Mipes Ile-de-France

  Ma mipes en quelques mots Agenda

Logement accompagné • 1er mars 2012

Construire 100 000 logements locatifs sociaux et privés pour les ménages à revenus moyens

18/01/2012

Construire 100 000 logements locatifs sociaux et privés pour les ménages à revenus moyens

La construction annuelle de logement est très insuffisante en Île-de-France et les ménages franciliens les plus modestes ne sont plus les seuls à rencontrer des difficultés à se loger.

Au-delà des ménages franciliens les plus modestes, la diminution du parc locatif touche aussi les ménages à revenus moyens et génère un véritable blocage de la mobilité résidentielle dans le parc social. Ces ménages ont en Île-de-France des difficultés spécifiques peu abordées.
Le Conseil économique, social et environnemental régional d’Île-de-France a rendu le 8 décembre 2011 un rapport décrivant les dispositifs qui pourraient être mis en place pour relancer la production de logements en faveur de ces ménages « trop riches pour accéder aux logements du parc social existant et trop pauvres pour accéder aux logements du parc privé ».

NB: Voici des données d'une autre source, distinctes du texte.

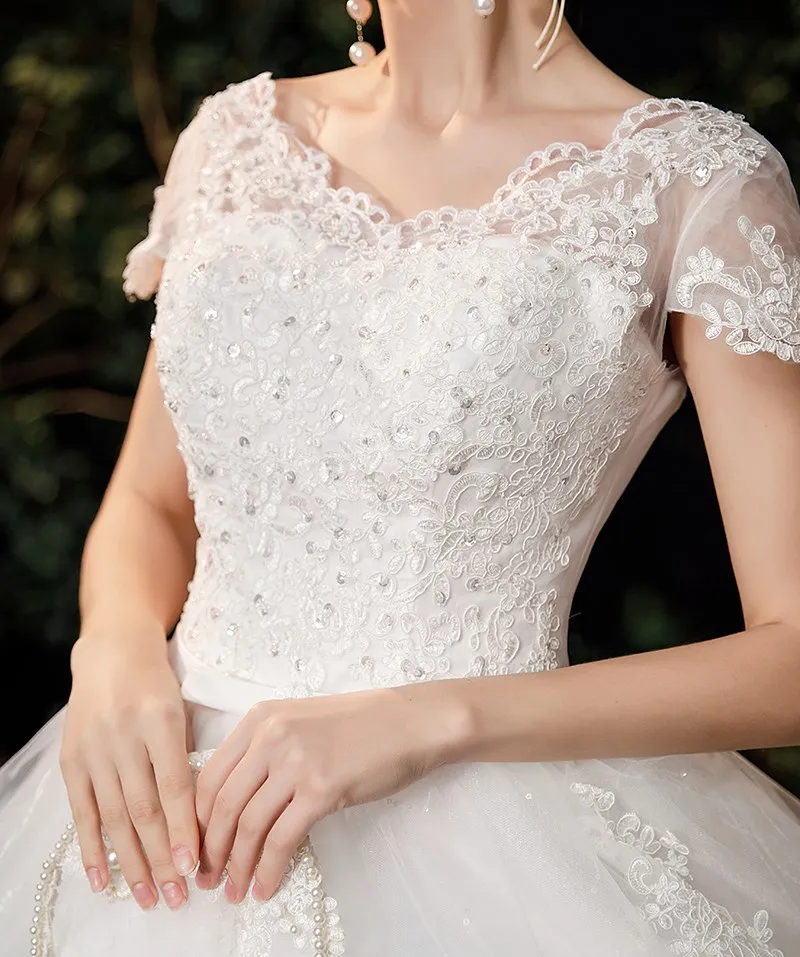 2026 Luxury Lace V Neck Ball Gown Wedding Dresses Short Sleeve Princess Illusion Applique Bridal Gowns Casamento Customized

Un parc inadapté aux ménages à revenus moyens

Les ménages les plus pauvres quand ils accèdent à un logement social ont un taux d’effort beaucoup trop important comme l’a souligné, le rapport de la Fondation Abbé Pierre.
Quant aux 453 900 ménages franciliens locataires à revenus moyens1, 292 300 disposant de revenus mensuels moyens de 3 521 €, et éligibles au logement social de type Prêt Locatif Social, ils rencontrent également des difficultés importantes pour se loger. Alors que le parc social permet de loger 2/3 des ménages à revenus modestes (éligibles au parc PLAI ou PLUS), il ne permet de loger que 1/3 des ménages à revenus moyens.

Un parc locatif insuffisant, une production en berne, une attractivité menacée.

La production de logement locatif est nettement insuffisante en Île-de-France et les Etats Généraux du logement de 2008 ont appelé à la reconstitution d’un stock de logements locatifs sociaux et privés.
La production de logements ne permet plus de faire face à l’accroissement démographique et à la hausse du nombre de ménages en Île-de-France.
Le marché est tendu à l’extrême et la fluidité du parc est quasi inexistante particulièrement dans le cœur de l’agglomération. La « chaîne du logement » est bloquée et l’attractivité de l’Île-de-France pourrait en être affectée.
Au-delà d’interventions nécessaires pour réduire le déficit du parc locatif francilien, le CESER propose de doubler l’offre locative destinée aux ménages à revenus moyens.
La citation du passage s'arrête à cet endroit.